= Thermomagnetic convection =

Ferrofluids can be used to transfer heat, since heat and mass transport in such magnetic fluids can be controlled using an external magnetic field.

B. A. Finlayson first explained in 1970 (in his paper "Convective instability of ferromagnetic fluids", Journal of Fluid Mechanics, 40:753-767) how an external magnetic field imposed on a ferrofluid with varying magnetic susceptibility, e.g., due to a temperature gradient, results in a nonuniform magnetic body force, which leads to thermomagnetic convection. This form of heat transfer can be useful for cases where conventional convection fails to provide adequate heat transfer, e.g., in miniature microscale devices or under reduced gravity conditions.

Ozoe group has studied thermomagnetic convection both experimentally and numerically. They showed how to enhance, suppress, and invert the convection modes. They have also carried out scaling analysis for paramagnetic fluids in microgravity conditions.

A comprehensive review of thermomagnetic convection (in A. Mukhopadhyay, R. Ganguly, S. Sen, and I. K. Puri, "Scaling analysis to characterize thermomagnetic convection", International Journal of Heat and Mass Transfer 48:3485-3492, (2005)) also shows that this form of convection can be correlated with a dimensionless magnetic Rayleigh number. Subsequently, this group explained that fluid motion occurs due to a Kelvin body force with two terms. The first term can be treated as a magnetostatic pressure. In contrast, the second is important only if there is a spatial gradient of the fluid susceptibility, e.g., in a non-isothermal system. The colder fluid that has a larger magnetic susceptibility is attracted towards regions with larger field strength during thermomagnetic convection, which displaces warmer fluid of lower susceptibility. They showed that thermomagnetic convection can be correlated with a dimensionless magnetic Rayleigh number.
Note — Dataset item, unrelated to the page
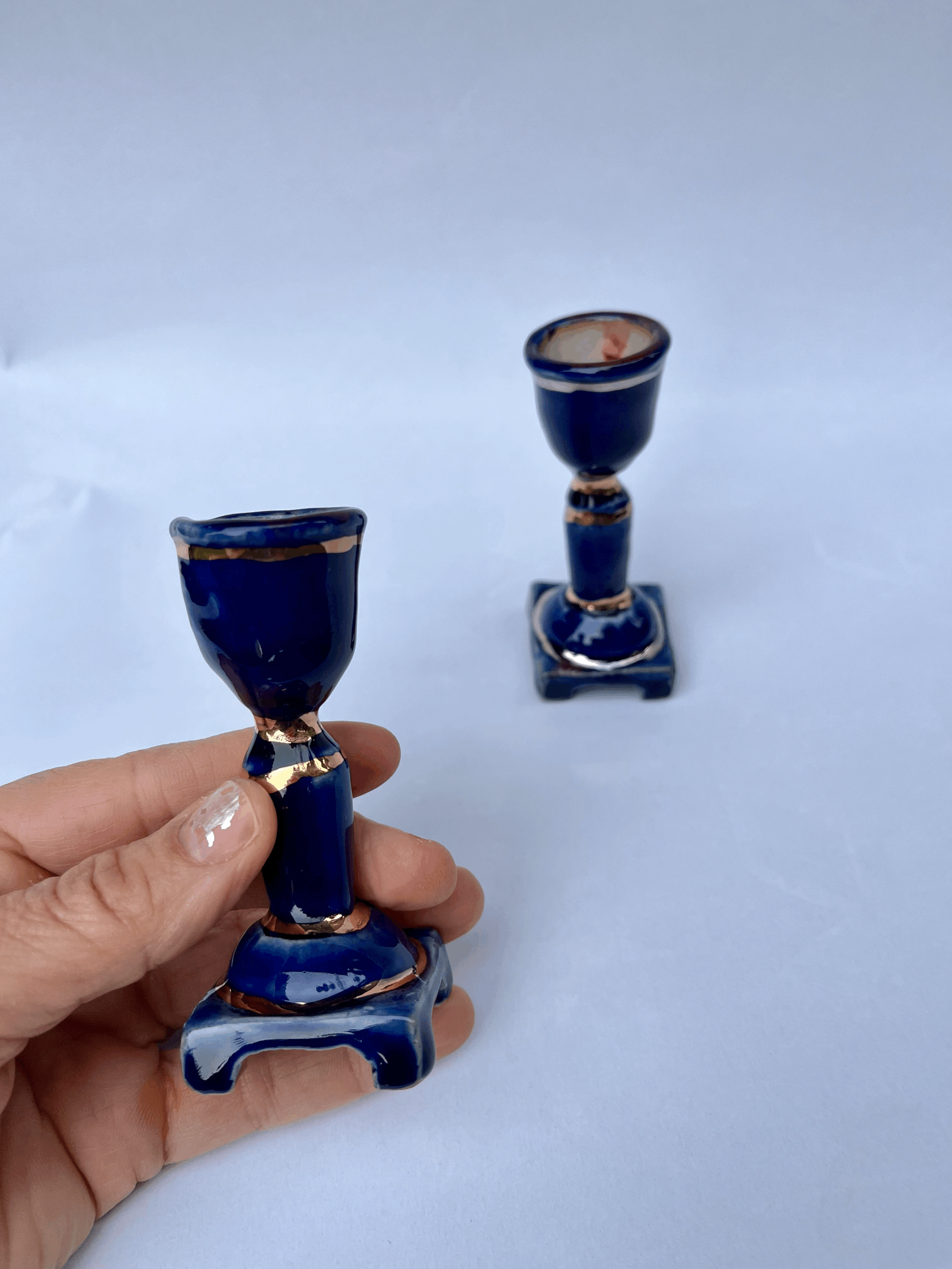 tempImagezSjv2T.gif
Heat transfer due to this form of convection can be much more effective than buoyancy-induced convection for systems with small dimensions.

The ferrofluid magnetization depends on the local value of the applied magnetic field H and on the fluid magnetic susceptibility. In a ferrofluid flow encompassing varying temperatures, the susceptibility is a function of the temperature. This produces a force that can be expressed in the Navier–Stokes or momentum equation governing fluid flow as the "Kelvin body force (KBF)". Recently, Kumar et.al shed new light on the 20-plus year-old question of the appropriate tensor form of the Kelvin body force in Ferrofluids.
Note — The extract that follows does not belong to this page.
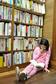 책이 싫어? 실학자 박지원도 늦게 친해졌다네!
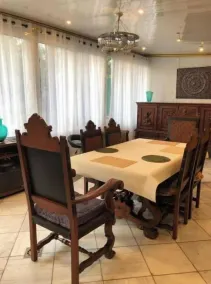 baroque villa - Image 3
The KBF creates a static pressure field that is symmetric about a magnet, e.g., a line dipole, that produces a curl-free force field, i.e., curl(ℑ) = 0 for constant temperature flow. Such a symmetric field does not alter the velocity. However, if the temperature distribution about the imposed magnetic field is asymmetric, so is the KBF in which case curl(ℑ) ≠ 0. Such an asymmetric body force leads to ferrofluid motion across isotherms.